It has taken me a bit to get through these chapters, but here is the second week of my Joshua study. I’ve learned that studying a narrative is quite a bit different than studying an epistle. In a narrative (especially Hebrew narrative it seems), the stories build and jump from scene to scene (kind of like a TV show or movie) to build suspense and make a point. You really have to read larger chunks of Scripture sometimes to get the full picture. Thus, this week’s study covers 7 chapters. Here is a pdf of this week’s study: Joshua_Week 2.
One of the issues I’ve considered as I’ve read in Joshua (as well as books like Exodus, Leviticus, or Numbers), is what my purpose and goal is as I read. If my goal is to find something to apply to my daily life (for me it would be homeschooling my kids and being a good wife, church member, etc.), it’s kind of disappointing to spend time reading through a list of kings that Moses and Joshua conquered and destroyed. Can’t wait to get to that list of land allotments, right?!
But wait–chapter one had some great verses that I can apply to myself and maybe that can get me through the rest of the book! If I leave out the part about getting land, I can focus on the being strong and courageous part and God’s being with me and giving me success if I meditate on his commands and obey him (Joshua 1:5-9).

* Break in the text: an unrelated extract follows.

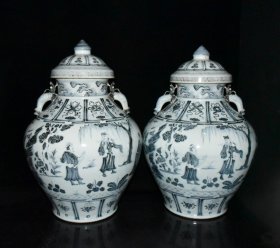 明代洪武青花三顾茅庐大盖罐一对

I think a better perspective when we read Scripture is to say “What is God, through the author, communicating?” rather than “What can I apply to myself to get through today?” When we read to figure out what God is saying, we have a much clearer understanding of the text. So instead of viewing the promises to Joshua and Israel of God’s presence and blessing on them, contingent on their obedience to the covenant, as they conquer the land, as something we try to apply to ourselves (as nice as that might sound, except for the complete destruction of our enemies, of course), we simply view it as a record of God’s words to Joshua and a divinely inspired history of God’s marvelous acts and working out of his plans. And then we can use those words as a template to view the entire book. When the people wholly obeyed, God gave them success and prosperity (e.g., Jericho, for the most part). When they did not obey, they failed (e.g., Ai the first time).

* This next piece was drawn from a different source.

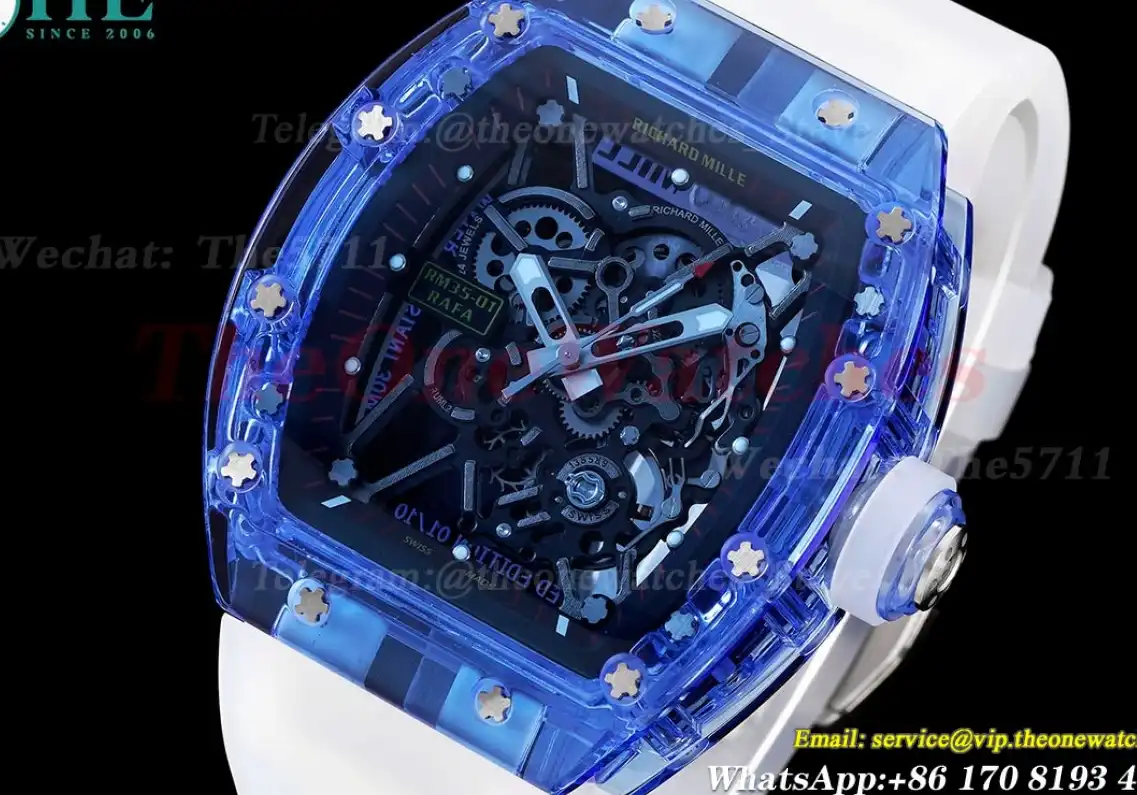 RM35-01 Blue Transparent Skeleton Dial on White Rubber strap RMSF Clone RMUL2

While we can be assured of God’s presence for ourselves from other passages of Scripture (Hebrews 13:5), and we should be meditating and obeying Scripture (Colossians 3:16-17), this is not the immediate application in Joshua for believers today (although Joshua can to a certain degree illustrate and example some of these truths for us today).

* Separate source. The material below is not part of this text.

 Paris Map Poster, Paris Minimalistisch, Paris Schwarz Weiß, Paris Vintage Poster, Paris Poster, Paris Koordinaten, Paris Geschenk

Perhaps a better “application” for me today from Joshua is this: Look at what God has been promising to the people of Israel since his promise to Abram: I will give you this land. Look at the obstacles God has miraculously overcome over and over again to bring them to and out of Egypt, through the wilderness, and finally to this land. Look at how God is true to his word. Look at how God repeatedly shows mercy to his chosen people. Look at how God’s plan of redemption was at work. I have a promise-keeping, powerful, merciful God!
I may not have a personal “promise” to claim for the day, but I do have the God who keeps his promises as my God. When I worry about my children’s behavior or a friend’s health or the state of our country, I can be confident that God is sovereign, he is merciful, and that he has a plan that he will without fail cause to happen. My view of myself, my home, and my world is more rightly aligned because my view and understanding of God is greater.